▶ Prompt
Repeat the listing word for word, but skip any pictures.

▶ Exercise data
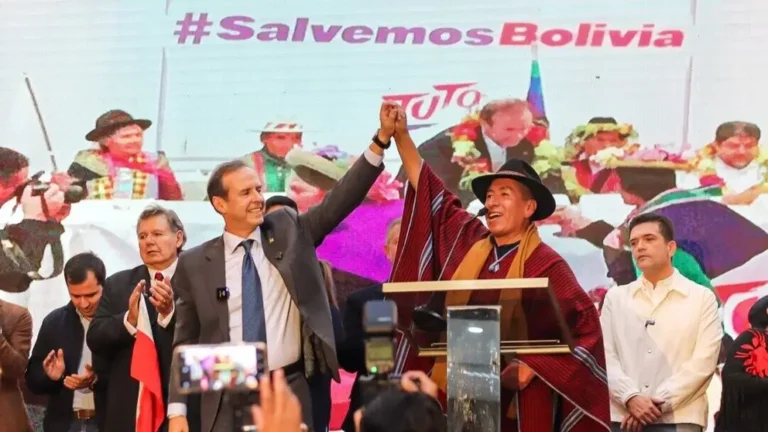 Elecciones: 13 agrupaciones ya se inscribieron; Evo mantiene el suspenso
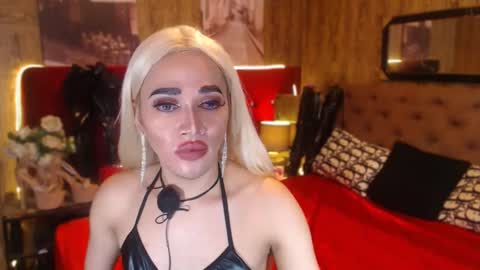 Snapshot of urcumgirlasiants chatting on 01-11-25, 06:12 KENDALL online show from 01-11-25, 06:12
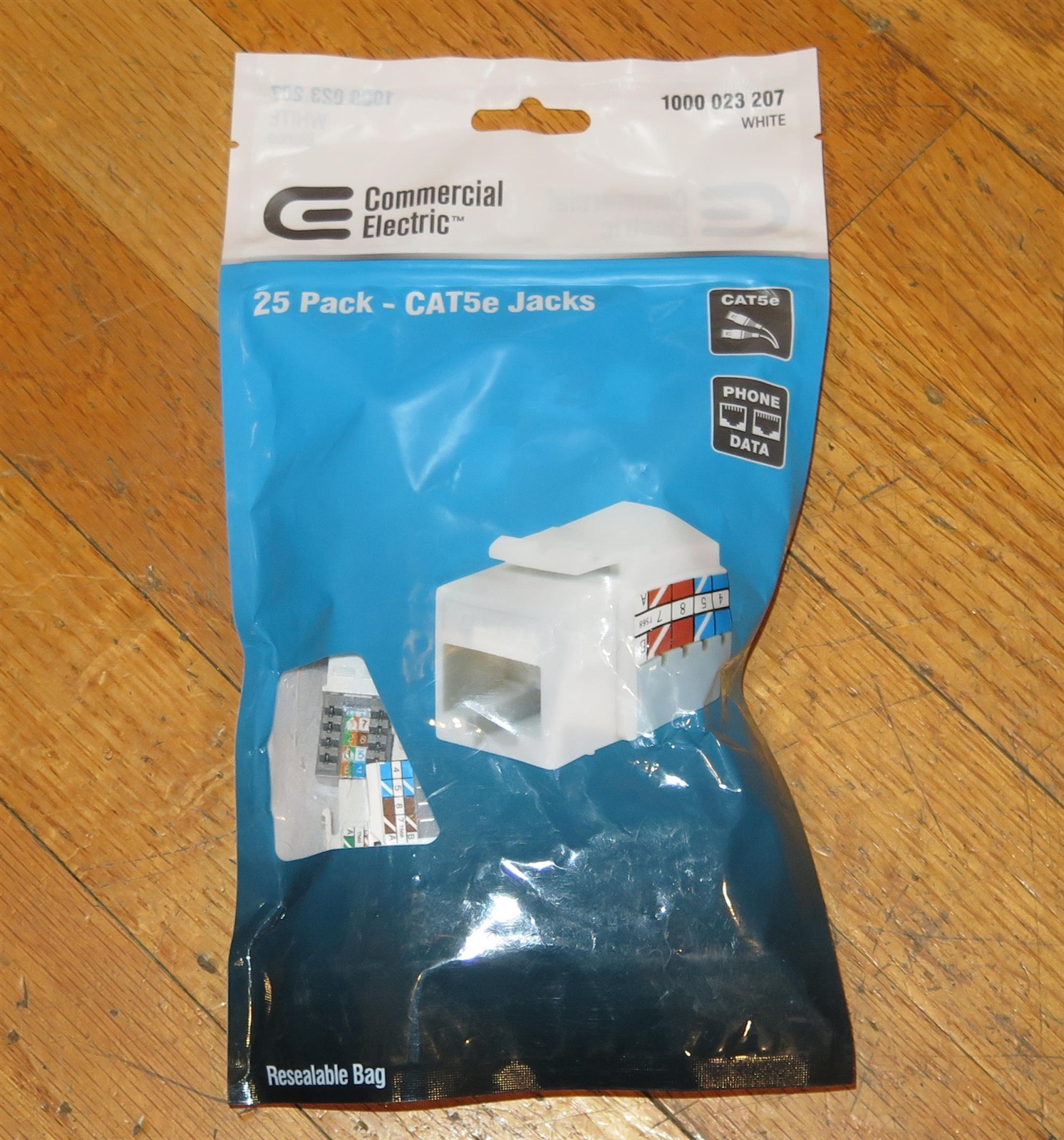(25) White CAT5e RJ45 Keystone Jacks CE (Commercial Electric)  - 5025-WH-25-VN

▶ Your response
 Elecciones: 13 agrupaciones ya se inscribieron; Evo mantiene el suspenso
 Snapshot of urcumgirlasiants chatting on 01-11-25, 06:12 KENDALL online show from 01-11-25, 06:12
(25) White CAT5e RJ45 Keystone Jacks CE (Commercial Electric)  - 5025-WH-25-VN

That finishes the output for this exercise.